Decision Fatigue is killing your willpower.
How to simplify your mind and schedule
I’ve jokingly said that my tag line in life is “so I was listening to this podcast…”. I love a good podcast. All that free inspiration and education and entertainment all at my fingertips! It’s a little addicting. I get a lot of my inspiration from some of my favorite podcasts and then I organize all my thoughts and bring it to you here on the Reclaimed blog.
The last couple of weeks I’ve been listening to and reading about the idea that as busy moms (and people in general) we are becoming weary by the constant decisions we are required to make all. day. long.
This term called “Decision Fatigue‘ is the idea that we make so many choices throughout our day that it is actually exhausting our mind and body and leaving us either making poor quality choices as the day goes on or shutting down and not making any choices at all. Does the whole “what do you want for dinner” conversation ring a bell?

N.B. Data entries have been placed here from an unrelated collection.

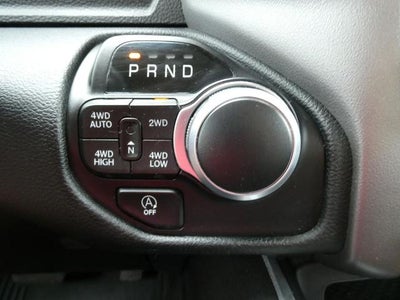 2020 RAM 1500 Big Horn 4x4 Crew Cab 5'7" Box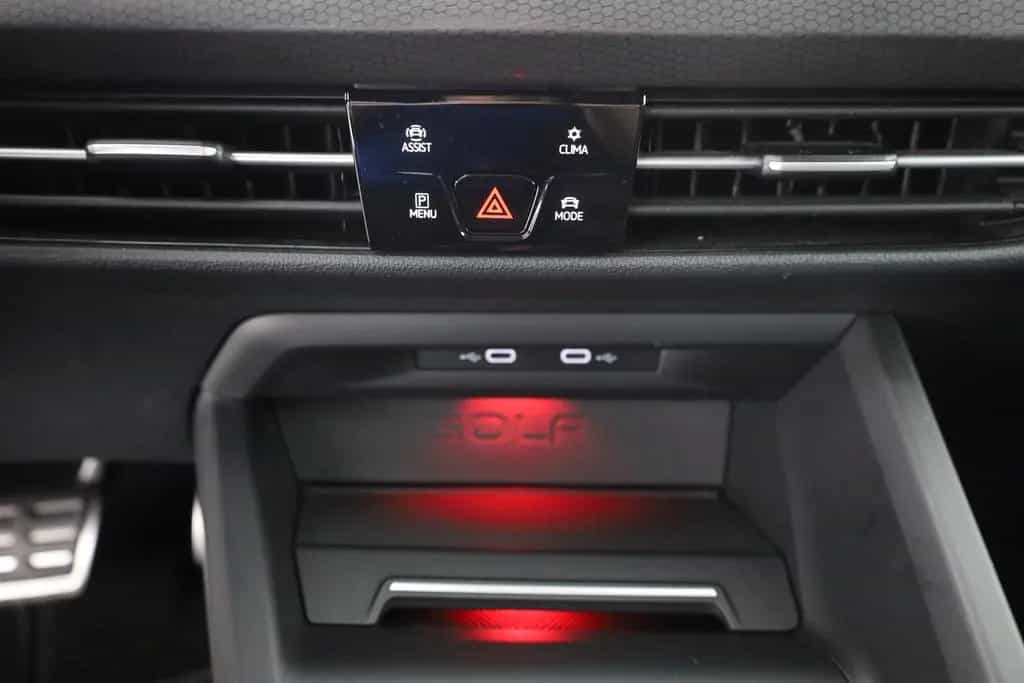 Volkswagen Golf VIII 2.0 TSI DSG GTI LED Navi Sitzheizung 03/2022-photo-11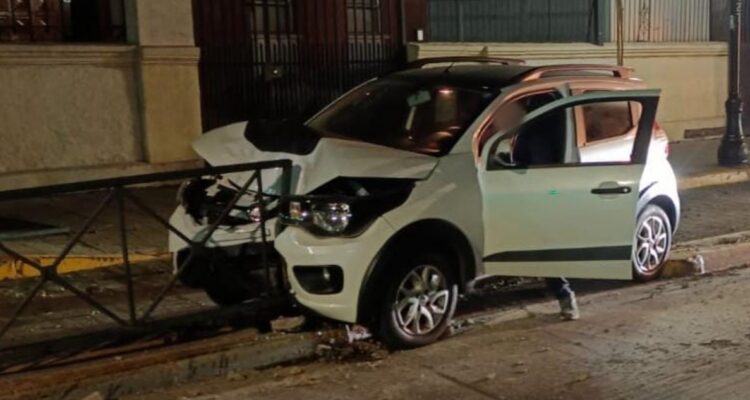 Detienen a conductor ebrio que arrasó con reja instalada afuera de un colegio en Providencia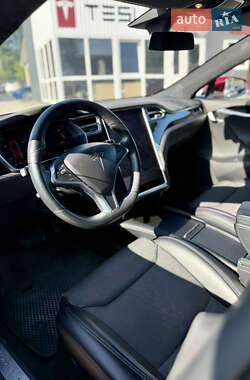 Лифтбек Tesla Model S 2017 в 
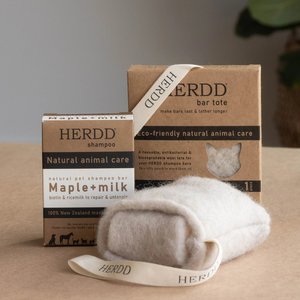 Products: HERDD bar tote Made from recycled, NZ sheep's wool - HERDD Home of HERDD pet care, HERDD bedding & HERDD pet litter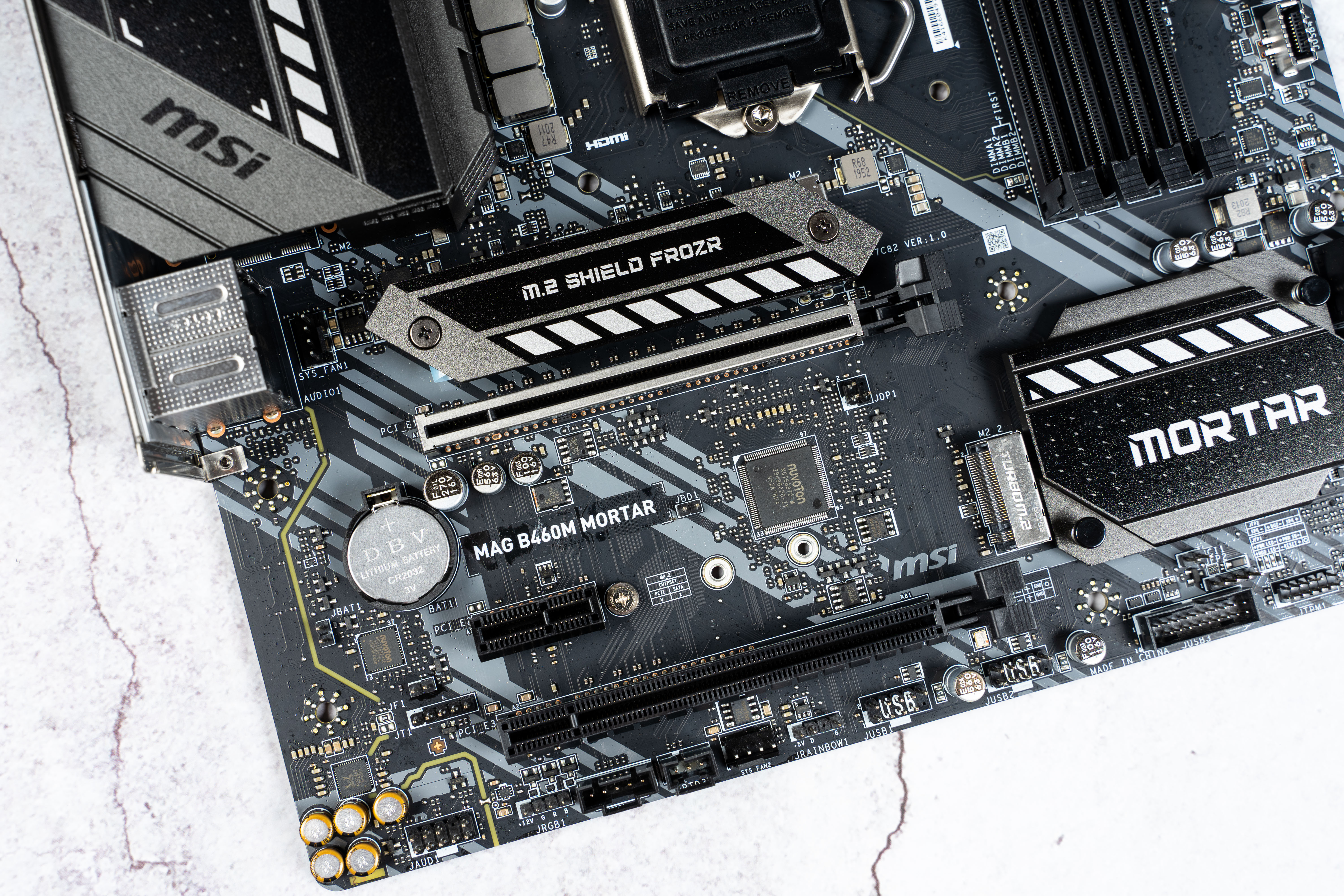 10400级别的cpu最好的主板还是b460系列,这次选择了微星的b460m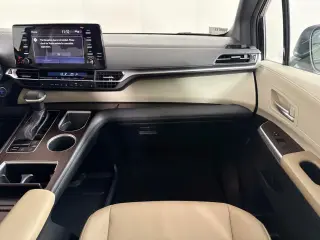 Toyota Sienna 2023 AWD XLE 7-Pasajeros 4p Mini-Van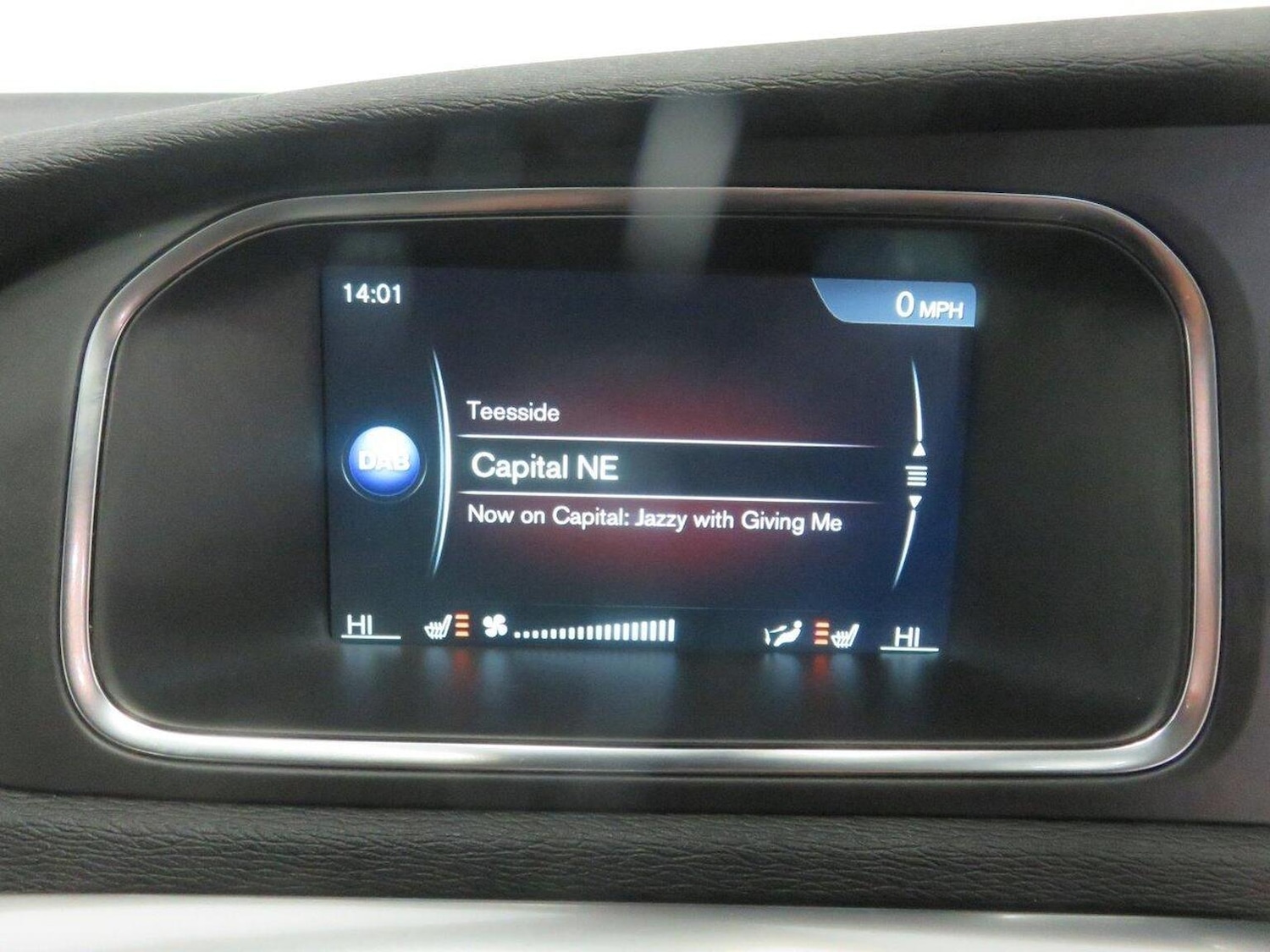 Used Volvo V40 Cross Country 2016 for sale - 77938237: Photo 32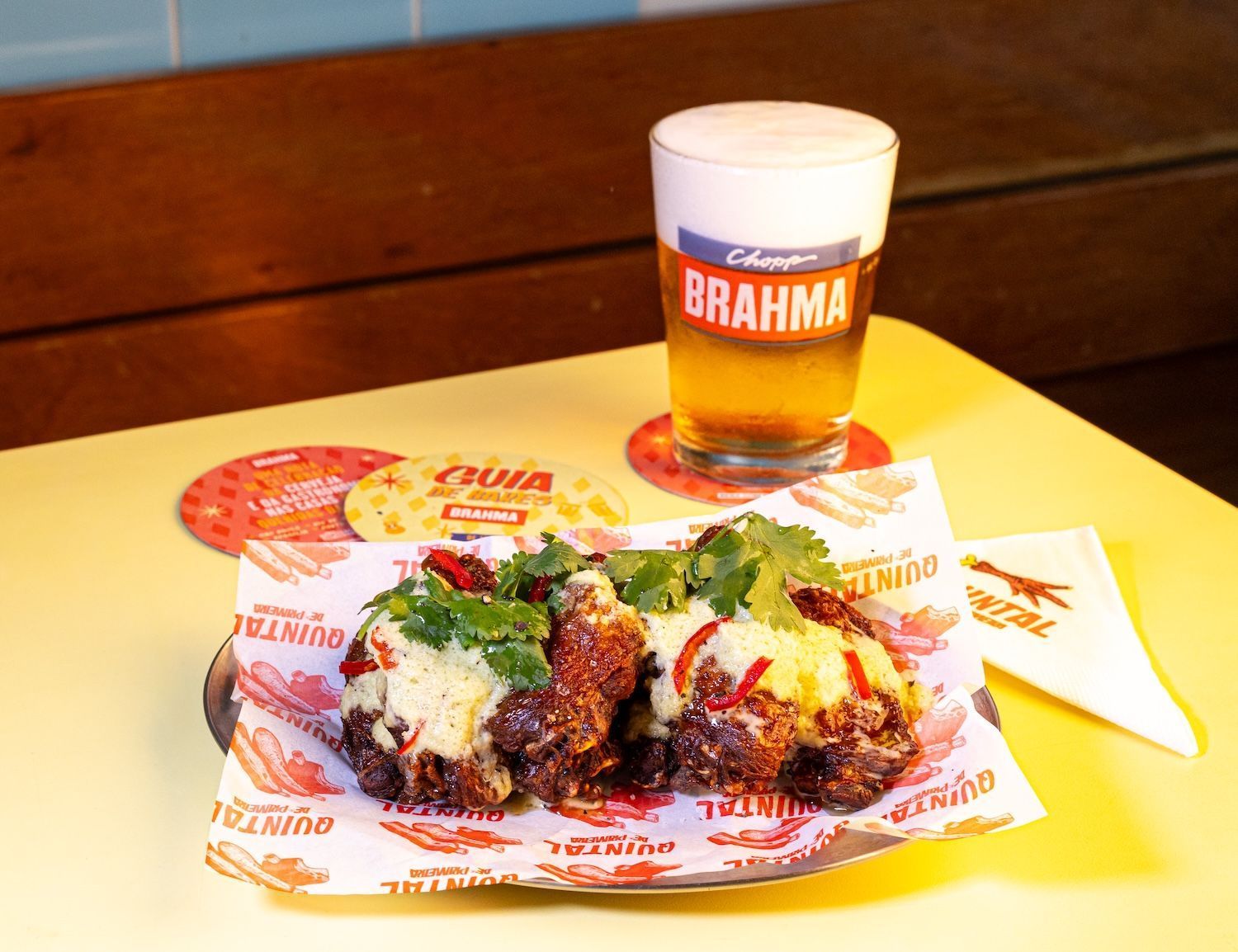 Guia de Bares Brahma é lançado em seis cidades com menu especial de 15 de setembro a 15 de outubro • Divulgação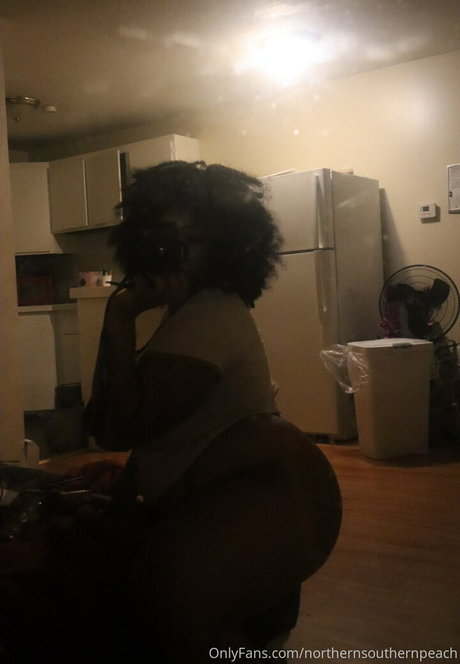 northernsouthernpeach onlyfans nude porn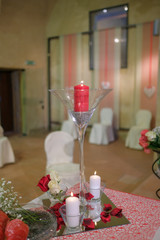 composizione fiori candela per altare matrimonio colore rosso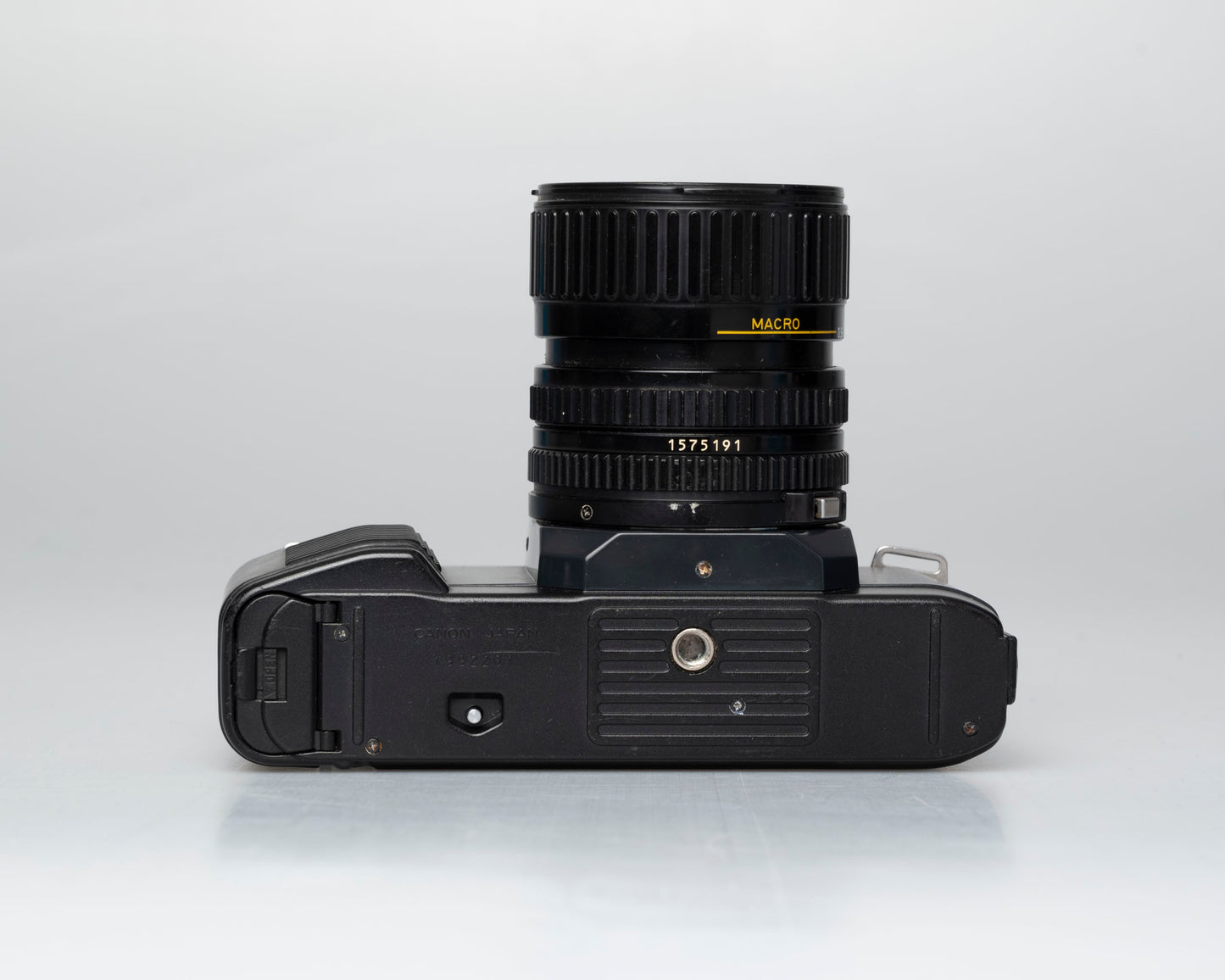Appareil photo reflex Canon T50 35 mm avec objectif FD 35-70 mm + étui (série 1992261)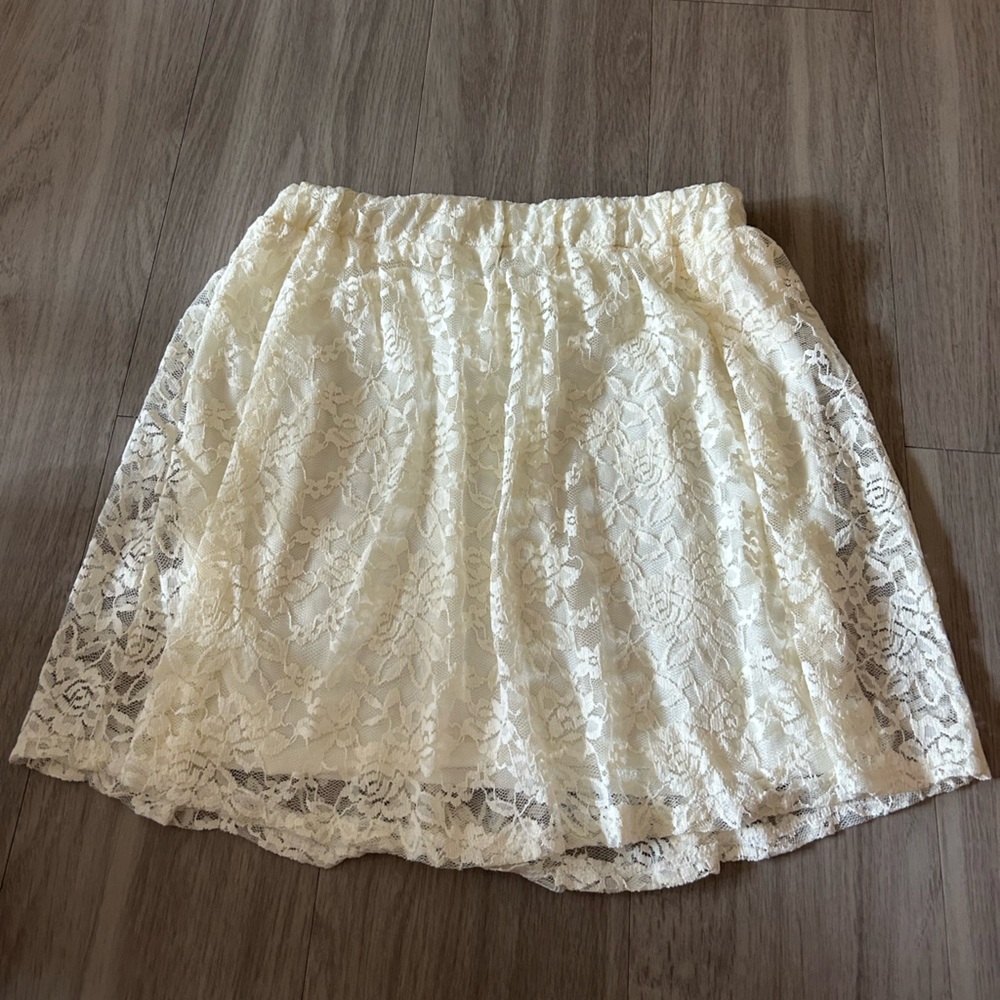 Elegant Cream Lace Skirt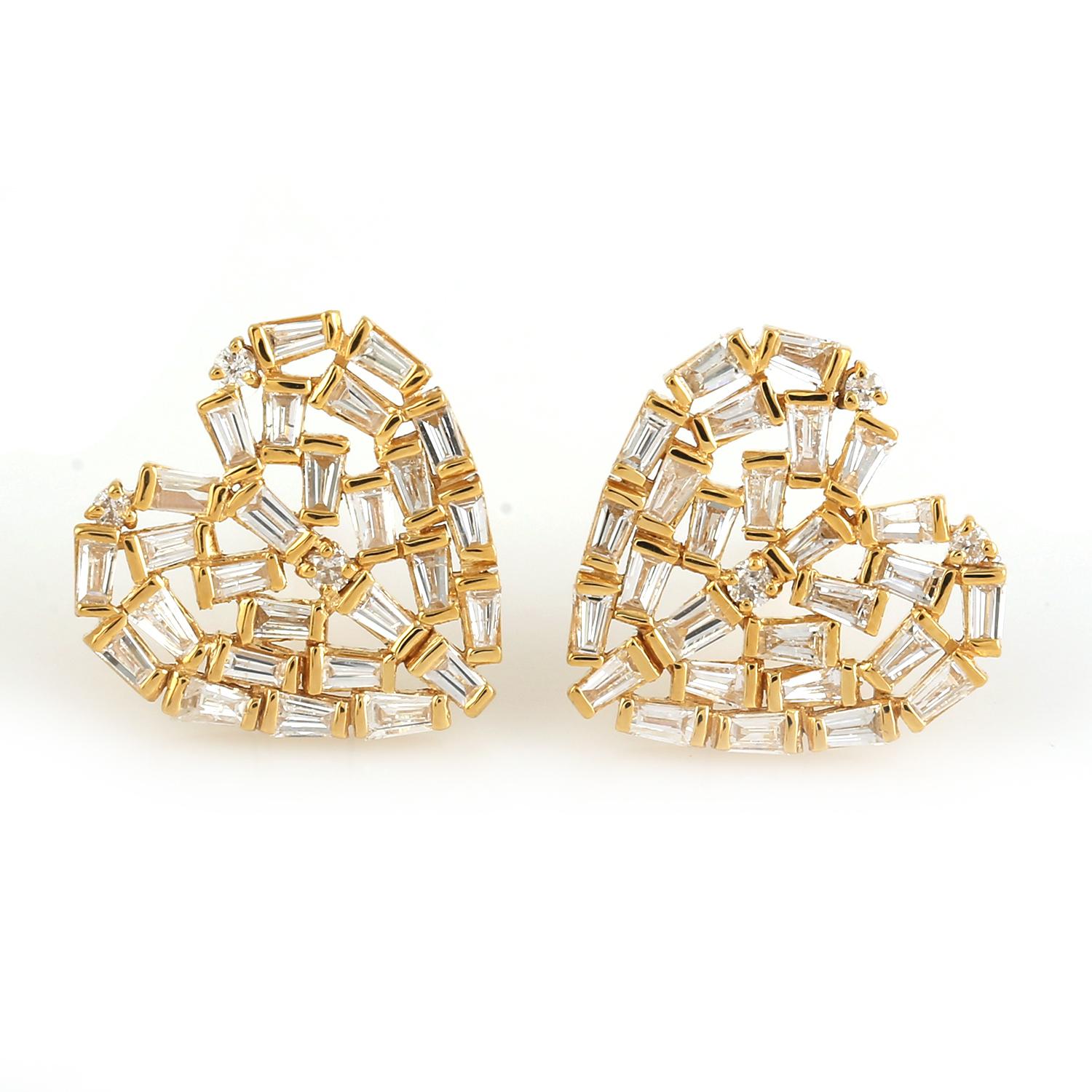 Clous d'oreilles en forme de cœur en or jaune 18 carats avec diamants baguettes Neuf - En vente à New York, NY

I read a study that said that the average person makes 35,000 decisions each day. Many of those are conscious choices like what to eat, what to wear, what to tackle first on our list, allow the kids to have a treat or not and tons more. Then we have thousands of subconscious decisions each day. Turn right or left, stop at the yellow or go through, Coke or Pepsi. Our minds make decisions for us without us even realizing it.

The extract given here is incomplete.